Le parc de la plage Jacques-Cartier est rongé par les eaux depuis plusieurs années.

Plan de sauvetage pour la plage Jacques-Cartier

La Ville de Québec prépare un sauvetage d’envergure pour la plage Jacques-Cartier, rongée par les flots : digues avançant dans le fleuve, enrochement de la berge, remplissage pour reconstituer le rivage… Les travaux jugés «urgents» en 2014 seront cependant repoussés au moins jusqu’en 2020.

«Ce ne sont pas des petits travaux», convient la conseillère municipale du district de la Pointe-de-Sainte-Foy, Anne Corriveau. Mais ce serait la seule avenue pour rescaper
le «bijou».

«Depuis quelques années, il y a eu de l’érosion», explique-t-elle, en entrevue avec Le Soleil. Au fil des ans, quand des portions du parc ont sombré, la Ville a appliqué des diachylons sur le bobo. «On a été obligé de faire quelques mesures de stabilisation des berges. […] On a déplacé un peu le sentier piétonnier.»

C’est toutefois insuffisant. Surtout dans la portion ouest du populaire parc : la mairie qualifie de «prioritaire» la solidification de ce bout de rive faisant près d’un kilomètre.
«Le secteur ouest, c’est l’endroit où c’est le moins large. […] C’est quand même étroit et il faut considérer qu’à cet endroit-là, il y a le cap.»

Il y a quatre ans, malgré l’urgence perçue, le gouvernement national a refusé que la capitale fasse fi des normes environnementales afin d’enrocher sans délai ce tronçon. «Cette demande-là a été rejetée par le ministère [de l’Environnement]», rappelle Mme Corriveau. Les experts étatiques ont plutôt exigé que la Ville présente un projet global «pour toute la plage» et le fasse cheminer dans la «machine».

Renvoyée faire ses devoirs, la capitale a donc commandé des études sur les impacts environnementaux de ses visées. Les documents sont maintenant déposés au niveau supérieur. Anne Corriveau s’attend à ce que le Bureau d’audience publique sur l’environnement s’en saisisse au cours de l’automne et effectue des consultations l’année prochaine.

«C’est sûr que nous, on voulait agir plus rapidement au secteur ouest», ajoute-t-elle. «La plage ne partira pas demain matin, mais on sait très bien qu’il faut agir.»
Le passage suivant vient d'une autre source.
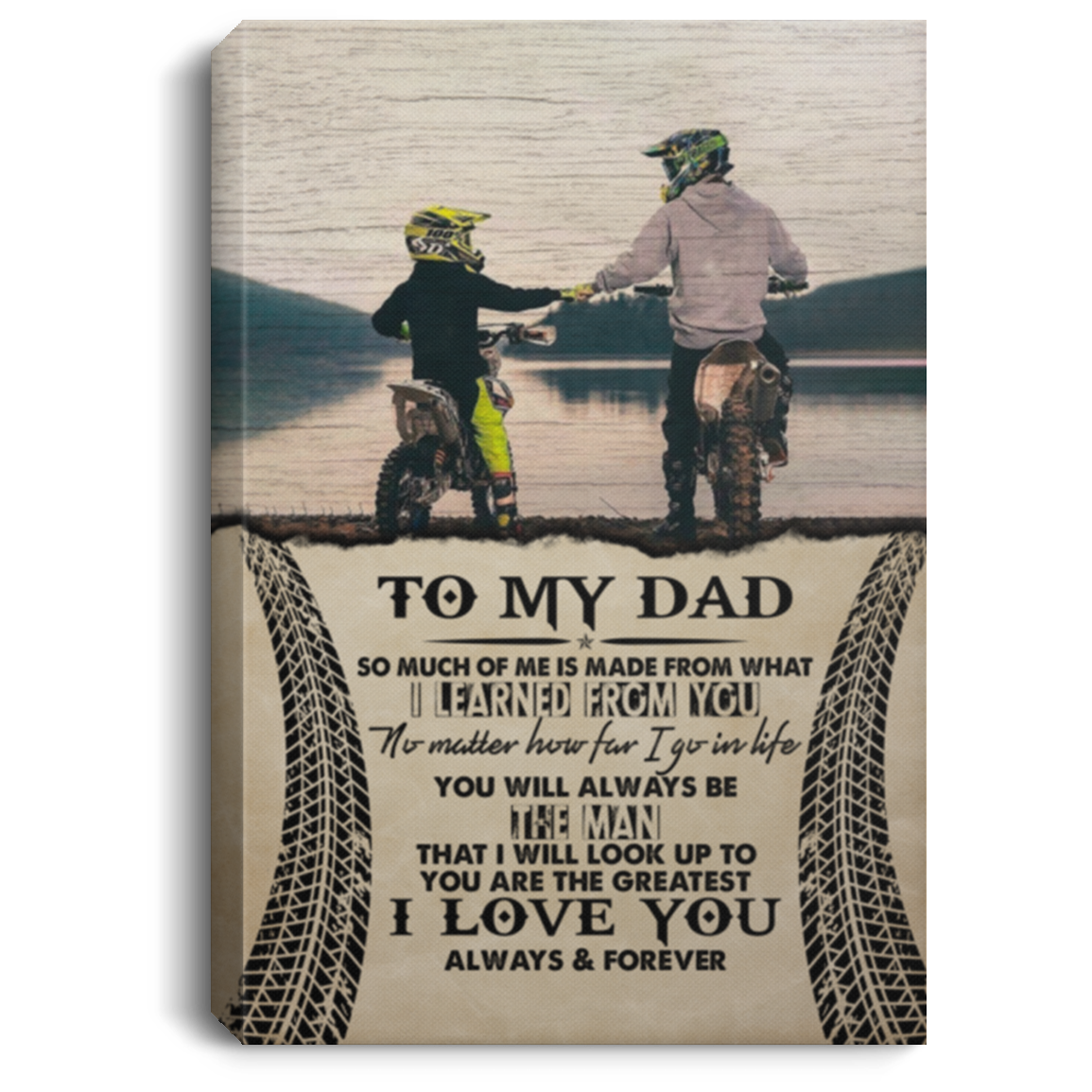 To My Dad I Learned From You Framed Canvas - Unframed Poster - Motorcross Dad Wall Art, White, 0.75'' Framed Canvas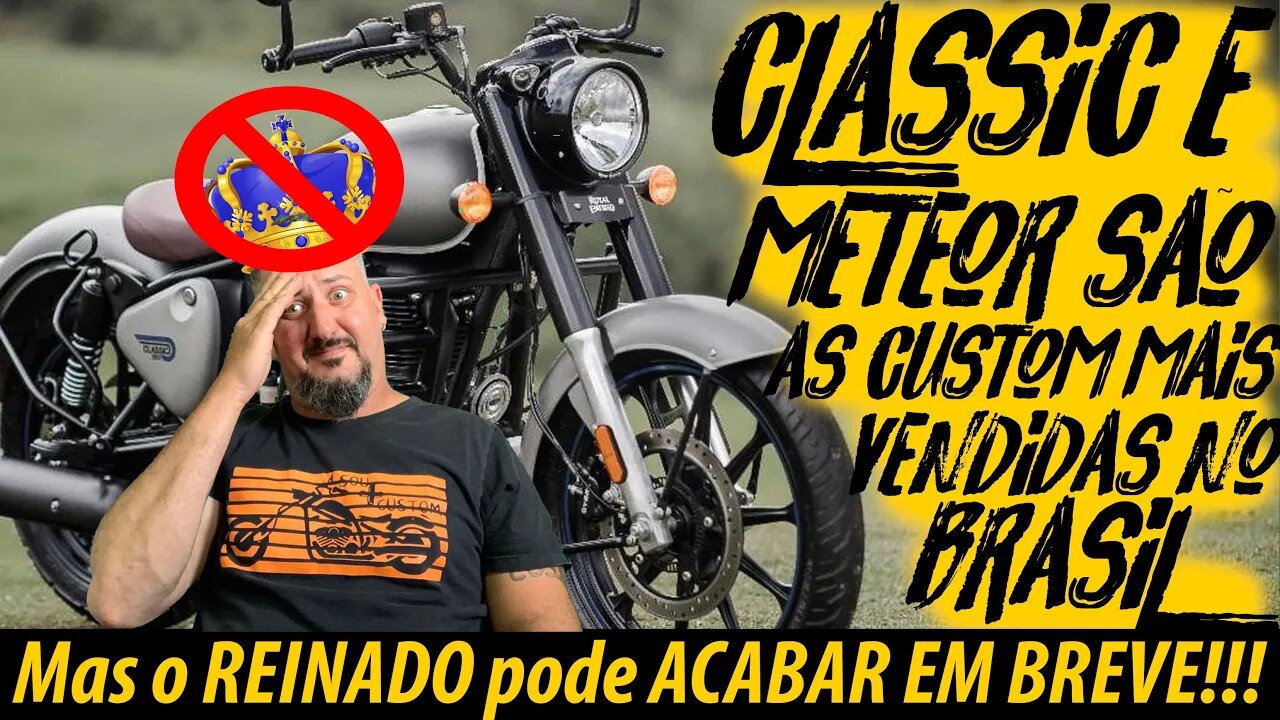 CLASSIC e METEOR são as CUSTOM MAIS VENDIDAS NO BRASIL, MAS O REINADO PODE ACABAR em BREVE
Si tout va bien, la mairie espère maintenant recevoir l’accord final du ministre dans un an. Ce qui repousse les travaux sur la portion ouest de la plage Jacques-Cartier à… l’automne 2020. La moitié Est attendra l’automne 2021, peut-être plus. «Les étapes sont ce qu’elles sont et on doit les respecter. […] Ça peut paraître long, mais au moins ça va être bien fait.»

Chantier d’automne

Au fait, pourquoi réaliser le chantier durant l’automne? Parce que l’été, le parc est très fréquenté. Aussi pour les oiseaux dont la période de reproduction et nidification va du 1er avril au 31 août, nous apprend un document municipal rendu public récemment.

Autre contrainte : «On va être obligé de faire les travaux à marée basse.»

Le parc de la plage Jacques-Cartier a été créé au début des années 1990. La mairesse de la défunte ville de Sainte-Foy avait dépensé environ 2 millions $ pour exproprier les propriétaires de chalets à qui appartenaient les terrains, nous rappelle l’édition du 23 juillet 1993 du Soleil. Elle avait ensuite dépensé gros pour aménager les lieux afin de redonner l’accès au fleuve aux citoyens.